The play is actually a send-up of the movie, and it’s goofy but endearing and totally hysterical from start to finish. Being a fan of the movie, I appreciated some of the little details that were originally a part of the movie and then completely exaggerated for the stage production, to get the laugh. That said, and just like it says in the “Director’s Notes”, it is completely unnecessary to have seen the movie before enjoying this musical.
Did I mention that the two leads in the musical spend lots of time on roller skates?
By the way, the “jealous sisters” are actually a plot addition for the musical. The sisters, Melpomene (played by Christine Sherrill) and Calliope (played by Nancy Voights) were a hilarious addition, plotting to win Zeus’ favor from Kira.
“Xanadu” had a two-hour running time (approximately), including the 15-minute intermission. The time flew by, what with all of the laughter and disco balls and leg warmers and roller skates and unicorns. At the end, everyone in the audience was up and dancing, and, I’m guessing (if they were anything like me), wishing it wasn’t over.
Perks of Drury Lane in Oakbrook Terrace that apply to any play being produced there: free parking, comfortable seats, gorgeous theater space, and the ability to purchase a lunch or dinner package with show tickets, too. It’s located in Oakbrook Terrace, which is a pretty central location no matter where you live in Chicagoland: generally almost anybody in the Chicago area can get to Oakbrook Terrace in forty minutes or less.
“Xanadu” is playing at Drury Lane through October 28 and has shows on Wednesdays at 1:30 p.m. ($35), Thursdays at 1:30 p.m. ($35) and 8:00 p.m. ($40), Fridays at 8:30 p.m. ($45), Saturdays at 5:00 p.m. ($45) and 8:30 p.m. ($45), and Sundays at 2:00 p.m. ($45) and 6:00 p.m. ($40) Lunch and Dinner packages range from $49.75 to $68 depending on the day of the week.
Group and Senior Citizen rates are available. For reservations, call the box office at 630-530-0111 or visit the website.
I would definitely go see this musical again.
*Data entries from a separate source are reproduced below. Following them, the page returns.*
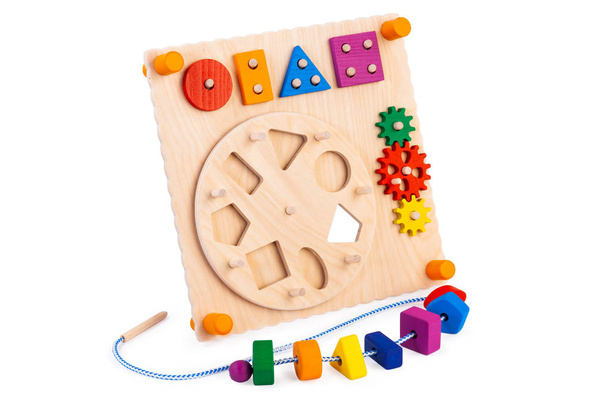 Drewniana ekologicznie zapracowana deska - zabawka edukacyjna dla dzieci, dzieci na białym, izolowanym tle, składająca się z wielokolorowych drewnianych elementów układanki, labiryntu, przekładni, sortownika - Zdjęcie, obraz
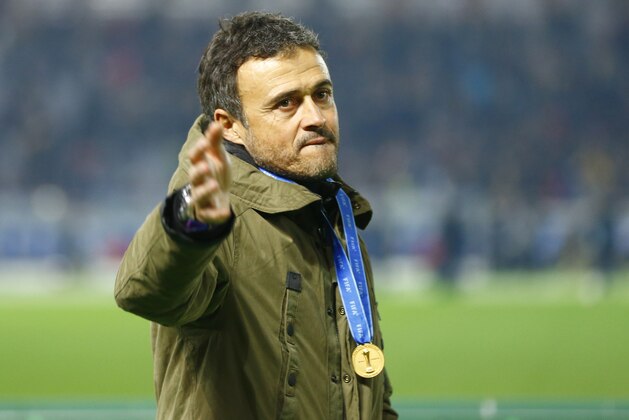 FC Barcelona’s coach Luis Enrique wearing the gold medal gestures after beating River Plate 3-0 in their final match at the FIFA Club World Cup soccer tournament in Yokohama, near Tokyo, Sunday, Dec. 20, 2015. (AP Photo/Shizuo Kambayashi)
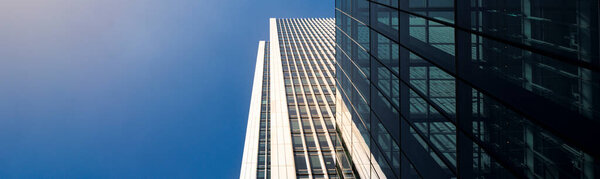 Modern city building architecture with glass fronts on a clear day in London, England panoramic
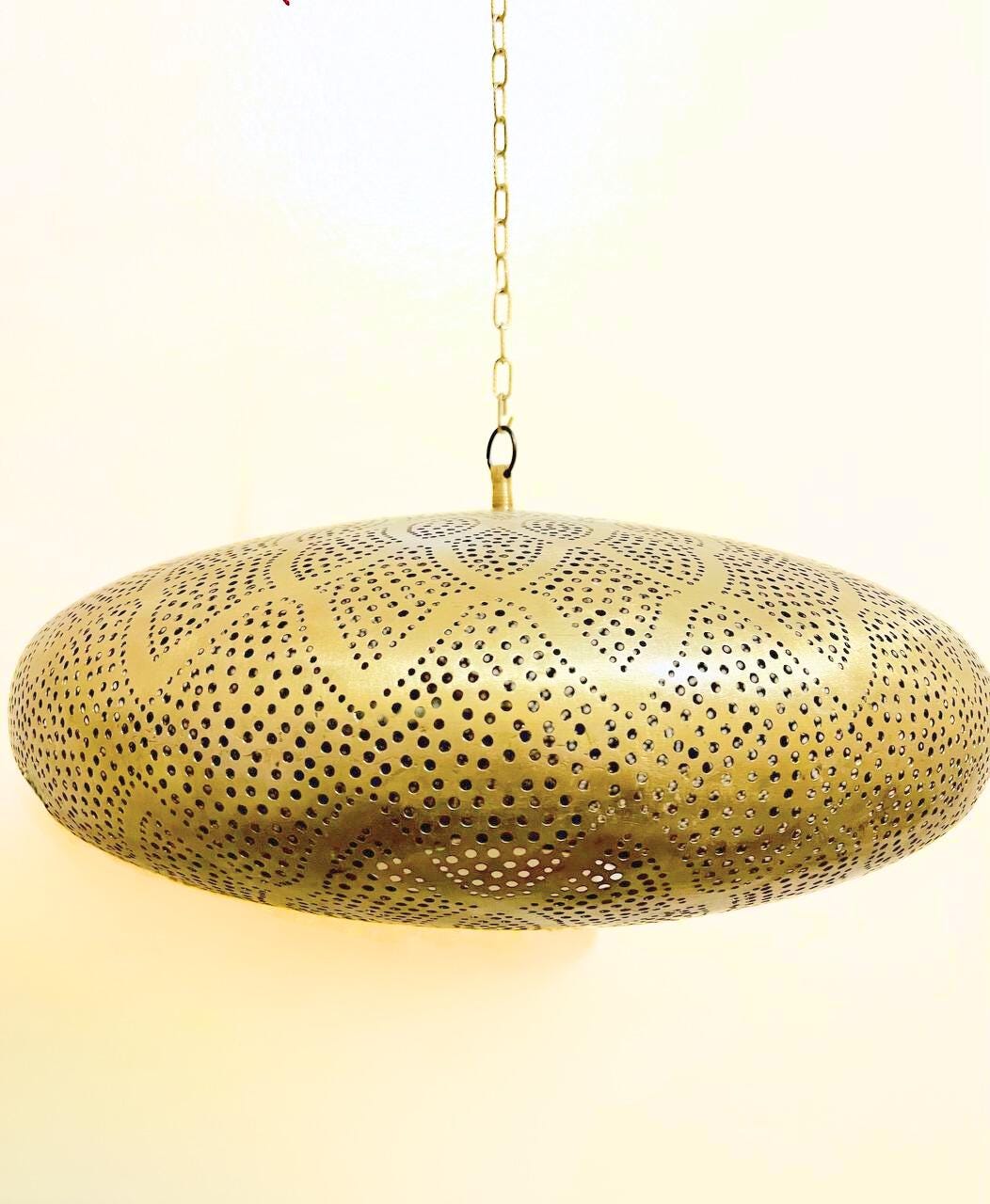 Handcrafted Moroccan pendant light with intricate patterns for warm and elegant home lighting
And again. And most likely again: it was THAT funny. Now…who wants to go with me?
*In fact, I screamed in delight when I found out that “Xanadu” and another movie we loved that also came out in 1980, the Village People’s “Can’t Stop The Music”, were responsible for instigating the development of the Golden Raspberry Awards (commonly known as “The Razzies”)! By the way, “Can’t Stop The Music” won the first official Razzie for Worst Picture.
Disclosure: Drury Lane at Oakbrook provided me with two complimentary tickets to check out the show without any request or assumption that I would write about it. All words and opinions are mine; pictures are courtesy of the theater.